All Days… failed to match up to Release The Stars’ stellar performance, though it did climb to a highly respectable No.21 on the UK Top 40, as well as to No.75 on the US Billboard 200. Wainwright also attracted a glut of positive critical notices when he toured the album solo during 2010, sometimes playing the tracks from the new album in one continuous song cycle.

After the deeply introspective All The Days…Wainwright’s next album, Out Of The Game, released in April 2012, found him hooking up with in-demand production wunderkind Mark Ronson, famous for helming Grammy-winning albums by the likes of Adele and Amy Winehouse. Between them, Wainwright and Ronson concocted arguably the poppiest LP yet to be stamped with Rufus Wainwright’s name, taking in everything from the Todd Rundgren-esque titular song to disco-flavoured, Giorgio Moroder-esque tunes such as ‘Barbara’ and ‘Bitter Tears’. The album divided critics, but once again Wainwright’s loyal fanbase were happy to indulge their versatile hero’s whims: Out Of The Game again performed strongly on both sides of the Atlantic, peaking at No.35 on the US Billboard 200 and rising to No.5 in the UK.

Never one to rest on his laurels, Rufus Wainwright’s most recent album release (through Deutsche Grammophon) was September 2015’s Prima Donna: a double-vinyl issue of the opera he co-composed to a French-language libretto he’d co-authored with Bernadette Colomine in 2009. He’s also completed a second opera, Hadrian, which is scheduled to premiere, but reputedly not until 2018.
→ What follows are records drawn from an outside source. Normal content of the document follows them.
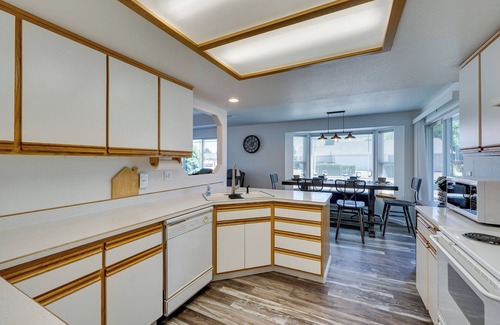 Medford House | Charming Rogue Valley Home in Central Point!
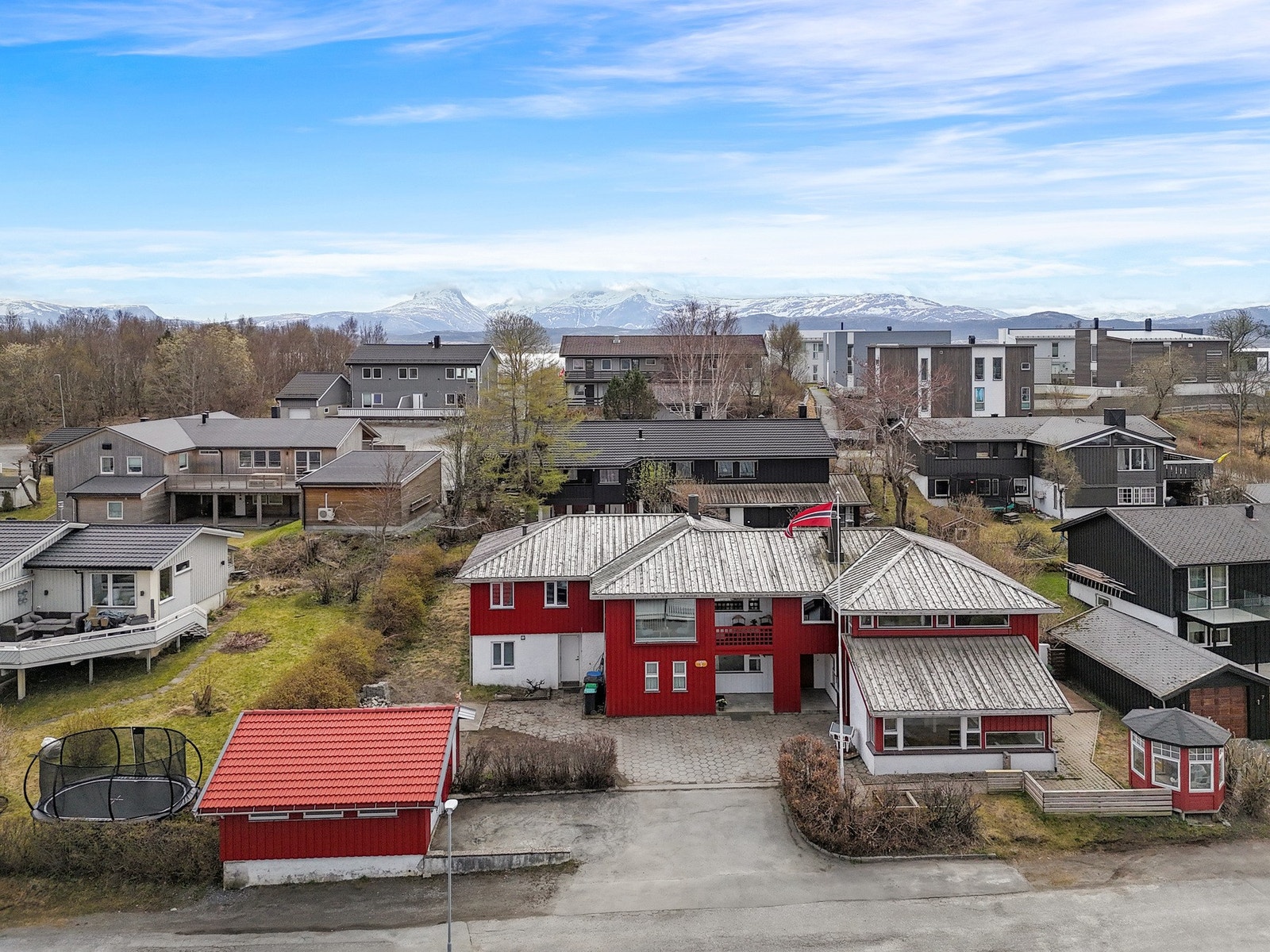 Boligen er beliggende i et rolig og barnevennlig område på Alstad, med kort vei til sjøen. Galleribilde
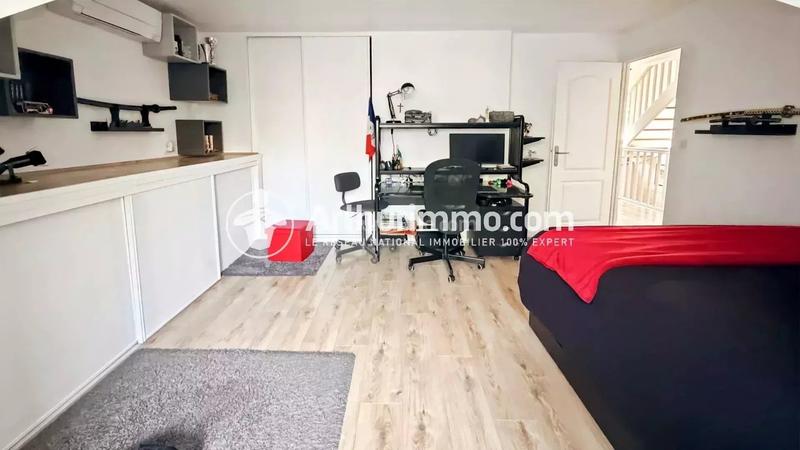 Maison - 210 m² - 7 pièces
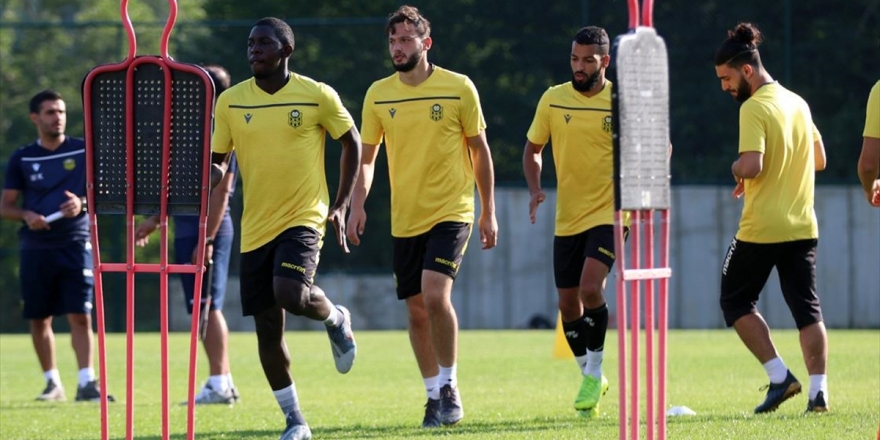 Yeni Malatyaspor'da 'Revizyon' Sürüyor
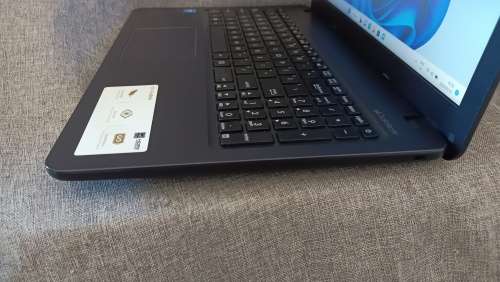 Asus X543MA, Intel Celeron N4000@1.1GHz, 4GB RAM, 240GB SSD, 15.6` HD Display, Windows 11 Pro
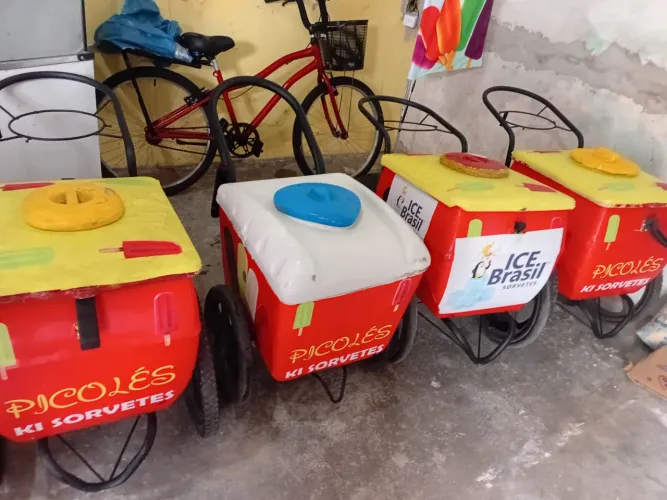 Carrinho de sorvete e picole termico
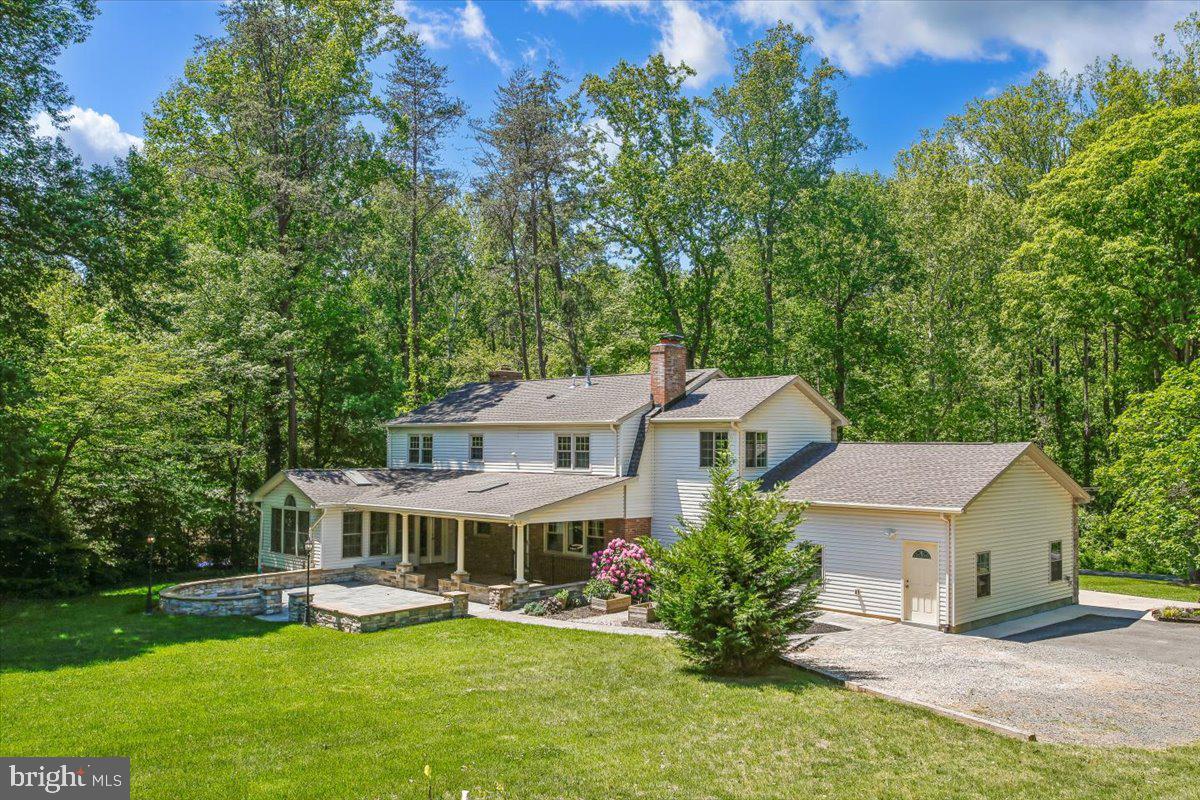 FAIRFAX HILLS - Residential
How this diversion into the world of classical music will impact upon Wainwright’s future pop career is as yet unclear, though, in the meantime, connoisseurs keen to invest wholesale in Rufus Wainwright’s magnificent, chameleonic career are advised to seek out the limited edition House Of Rufus: a 19-CD Universal Music-sponsored box set, which comes encased in a red velvet-covered book and includes all his studio albums (bar Out Of The Game).